Marriage of Sheldon, In re
Decision Date | 07 October 1981 |
Citation | 177 Cal.Rptr. 380,124 Cal.App.3d 371 |
Court | California Court of Appeals |
Parties | , 3 Employee Benefits Cas. 1108 In re the MARRIAGE OF Laura Lee and Robert Monroe SHELDON. Laura Lee SHELDON, Petitioner and Respondent, v. Robert Monroe SHELDON, Respondent and Appellant. Civ. 22645. |
William E. Blatchley, San Diego, for respondent and appellant.
Nancy H. Flick, San Diego, for petitioner and respondent.
Robert Monroe Sheldon appeals an interlocutory judgment dissolving his thirteen year marriage.
The principal issue concerns the retroactivity of the United States Supreme Court's recent decision in McCarty v. McCarty (1981) 453 U.S. --, 101 S.Ct. 2728, 69 L.Ed.2d -- and its applicability to cases not final on appeal as of the date McCarty was filed. We stress our decision is not meant to be a holding for all seasons resolving all the issues precipitated by McCarty. We only answer the narrow issue before us, concluding (1) the principles enunciated by the Supreme Court which govern the retroactivity of high court decisions mandate McCarty not be accorded full retroactivity, and (2) McCarty should not be applied to cases not final on appeal unless the military spouse requested the trial court reserve jurisdiction on the character of the property interest in the pension or timely raised and briefed the federal preemption issue on appeal. 1
The principal assets at issue in this dissolution proceeding were the family residence and Robert's United States Navy Pension. 2 The trial court found the value of the residence to be $65,750 and the value of the pension to be $116,996. It awarded all the benefits due under the pension to Robert and the entire interest in the residence to Laura. Laura waived any difference in value of the respective properties.
Initially, on appeal, Robert challenged the actuarial valuation of his pension and the trial court's decision not to award each party a one-half interest in each of the assets.
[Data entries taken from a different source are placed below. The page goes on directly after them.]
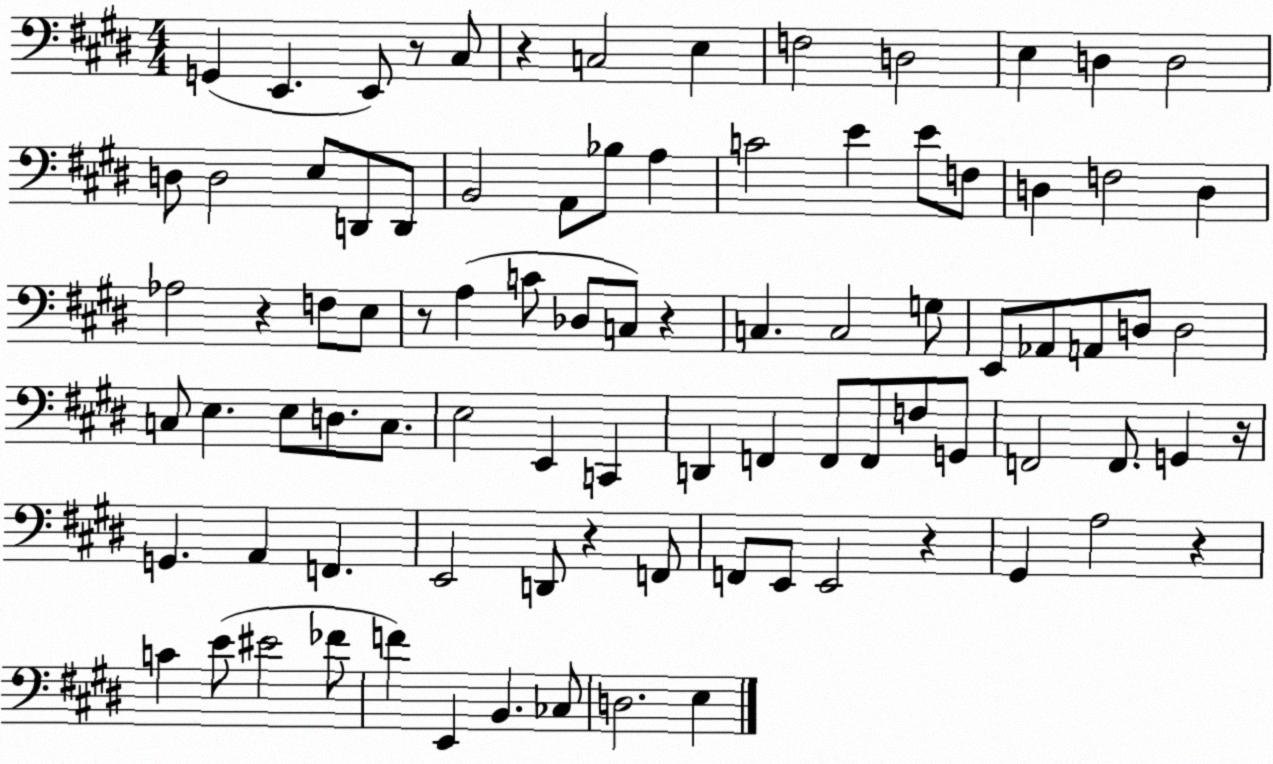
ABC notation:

X:1
T:Untitled
M:4/4
L:1/4
K:E
G,, E,, E,,/2 z/2 ^C,/2 z C,2 E, F,2 D,2 E, D, D,2 D,/2 D,2 E,/2 D,,/2 D,,/2 B,,2 A,,/2 _B,/2 A, C2 E E/2 F,/2 D, F,2 D, _A,2 z F,/2 E,/2 z/2 A, C/2 _D,/2 C,/2 z C, C,2 G,/2 E,,/2 _A,,/2 A,,/2 D,/2 D,2 C,/2 E, E,/2 D,/2 C,/2 E,2 E,, C,, D,, F,, F,,/2 F,,/2 F,/2 G,,/2 F,,2 F,,/2 G,, z/4 G,, A,, F,, E,,2 D,,/2 z F,,/2 F,,/2 E,,/2 E,,2 z ^G,, A,2 z C E/2 ^E2 _F/2 F E,, B,, _C,/2 D,2 E,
He did not contest the characterization of the pension rights as community property.
On June 8, 1981, we filed our unpublished opinion in this case, upholding the valuation of the pension and the distribution scheme. On June 26, the United States Supreme Court filed its decision in McCarty v. McCarty, supra, 453 U.S. --, 101 S.Ct. 2728, 69 L.Ed.2d 589, holding that federal law precludes a state from characterizing a military pension as community property in order to divide it between the parties on dissolution of the marriage.
Robert then filed a petition for rehearing, arguing McCarty compels us to reverse the interlocutory judgment and remand for a new division of the community property and a recharacterization of Robert's pension rights as his separate property. Laura countered that the stipulation at trial coupled with Robert's express failure to contest the community nature of the pension rights on appeal rendered the McCarty holding inapplicable to the instant case. 3 We granted a rehearing to address several problems inherent in the application of McCarty to California dissolution proceedings.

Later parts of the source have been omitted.